### Entries shown
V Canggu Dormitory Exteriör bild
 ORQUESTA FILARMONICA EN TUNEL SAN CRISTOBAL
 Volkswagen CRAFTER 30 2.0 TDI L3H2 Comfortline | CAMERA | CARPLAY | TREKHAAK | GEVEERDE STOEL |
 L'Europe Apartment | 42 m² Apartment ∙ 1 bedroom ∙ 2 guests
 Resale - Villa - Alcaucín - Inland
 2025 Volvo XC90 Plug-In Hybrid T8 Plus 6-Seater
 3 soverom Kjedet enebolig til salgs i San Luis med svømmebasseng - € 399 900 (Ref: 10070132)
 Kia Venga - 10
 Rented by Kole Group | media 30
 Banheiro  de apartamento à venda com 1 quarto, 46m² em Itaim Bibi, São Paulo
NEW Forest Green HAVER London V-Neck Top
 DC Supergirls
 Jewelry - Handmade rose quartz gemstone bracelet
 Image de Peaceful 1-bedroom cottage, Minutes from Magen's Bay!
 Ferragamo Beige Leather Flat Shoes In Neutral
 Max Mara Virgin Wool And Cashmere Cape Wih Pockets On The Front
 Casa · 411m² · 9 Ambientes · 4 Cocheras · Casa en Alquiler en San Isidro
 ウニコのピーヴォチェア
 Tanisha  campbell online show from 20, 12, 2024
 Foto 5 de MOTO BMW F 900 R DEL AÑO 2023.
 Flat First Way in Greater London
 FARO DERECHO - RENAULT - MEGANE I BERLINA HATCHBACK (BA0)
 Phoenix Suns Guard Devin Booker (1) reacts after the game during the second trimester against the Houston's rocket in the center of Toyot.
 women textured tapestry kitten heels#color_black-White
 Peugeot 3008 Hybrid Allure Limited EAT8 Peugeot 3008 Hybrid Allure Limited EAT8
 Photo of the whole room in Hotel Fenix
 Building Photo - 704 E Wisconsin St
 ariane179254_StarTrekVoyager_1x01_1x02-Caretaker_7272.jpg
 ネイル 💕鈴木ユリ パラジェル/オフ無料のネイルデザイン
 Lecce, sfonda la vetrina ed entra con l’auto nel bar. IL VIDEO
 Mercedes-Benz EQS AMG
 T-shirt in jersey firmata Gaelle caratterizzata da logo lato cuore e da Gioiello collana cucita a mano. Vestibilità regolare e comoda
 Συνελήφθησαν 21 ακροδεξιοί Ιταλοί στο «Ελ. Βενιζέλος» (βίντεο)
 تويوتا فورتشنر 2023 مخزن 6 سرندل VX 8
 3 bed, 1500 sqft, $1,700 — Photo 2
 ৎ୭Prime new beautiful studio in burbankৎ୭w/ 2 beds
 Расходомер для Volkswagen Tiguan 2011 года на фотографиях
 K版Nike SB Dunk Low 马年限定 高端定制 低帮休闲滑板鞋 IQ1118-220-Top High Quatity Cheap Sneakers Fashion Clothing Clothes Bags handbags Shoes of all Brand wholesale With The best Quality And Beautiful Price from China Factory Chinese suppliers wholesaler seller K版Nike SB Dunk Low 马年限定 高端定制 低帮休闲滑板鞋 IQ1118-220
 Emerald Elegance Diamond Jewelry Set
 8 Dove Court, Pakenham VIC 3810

### What this task involves
Please output every line shown above exactly.

### Reply to the exercise
V Canggu Dormitory Exteriör bild
 ORQUESTA FILARMONICA EN TUNEL SAN CRISTOBAL
 Volkswagen CRAFTER 30 2.0 TDI L3H2 Comfortline | CAMERA | CARPLAY | TREKHAAK | GEVEERDE STOEL |
 L'Europe Apartment | 42 m² Apartment ∙ 1 bedroom ∙ 2 guests
 Resale - Villa - Alcaucín - Inland
 2025 Volvo XC90 Plug-In Hybrid T8 Plus 6-Seater
 3 soverom Kjedet enebolig til salgs i San Luis med svømmebasseng - € 399 900 (Ref: 10070132)
 Kia Venga - 10
 Rented by Kole Group | media 30
 Banheiro  de apartamento à venda com 1 quarto, 46m² em Itaim Bibi, São Paulo
NEW Forest Green HAVER London V-Neck Top
 DC Supergirls
 Jewelry - Handmade rose quartz gemstone bracelet
 Image de Peaceful 1-bedroom cottage, Minutes from Magen's Bay!
 Ferragamo Beige Leather Flat Shoes In Neutral
 Max Mara Virgin Wool And Cashmere Cape Wih Pockets On The Front
 Casa · 411m² · 9 Ambientes · 4 Cocheras · Casa en Alquiler en San Isidro
 ウニコのピーヴォチェア
 Tanisha  campbell online show from 20, 12, 2024
 Foto 5 de MOTO BMW F 900 R DEL AÑO 2023.
 Flat First Way in Greater London
 FARO DERECHO - RENAULT - MEGANE I BERLINA HATCHBACK (BA0)
 Phoenix Suns Guard Devin Booker (1) reacts after the game during the second trimester against the Houston's rocket in the center of Toyot.
 women textured tapestry kitten heels#color_black-White
 Peugeot 3008 Hybrid Allure Limited EAT8 Peugeot 3008 Hybrid Allure Limited EAT8
 Photo of the whole room in Hotel Fenix
 Building Photo - 704 E Wisconsin St
 ariane179254_StarTrekVoyager_1x01_1x02-Caretaker_7272.jpg
 ネイル 💕鈴木ユリ パラジェル/オフ無料のネイルデザイン
 Lecce, sfonda la vetrina ed entra con l’auto nel bar. IL VIDEO
 Mercedes-Benz EQS AMG
 T-shirt in jersey firmata Gaelle caratterizzata da logo lato cuore e da Gioiello collana cucita a mano. Vestibilità regolare e comoda
 Συνελήφθησαν 21 ακροδεξιοί Ιταλοί στο «Ελ. Βενιζέλος» (βίντεο)
 تويوتا فورتشنر 2023 مخزن 6 سرندل VX 8
 3 bed, 1500 sqft, $1,700 — Photo 2
 ৎ୭Prime new beautiful studio in burbankৎ୭w/ 2 beds
 Расходомер для Volkswagen Tiguan 2011 года на фотографиях
 K版Nike SB Dunk Low 马年限定 高端定制 低帮休闲滑板鞋 IQ1118-220-Top High Quatity Cheap Sneakers Fashion Clothing Clothes Bags handbags Shoes of all Brand wholesale With The best Quality And Beautiful Price from China Factory Chinese suppliers wholesaler seller K版Nike SB Dunk Low 马年限定 高端定制 低帮休闲滑板鞋 IQ1118-220
 Emerald Elegance Diamond Jewelry Set
 8 Dove Court, Pakenham VIC 3810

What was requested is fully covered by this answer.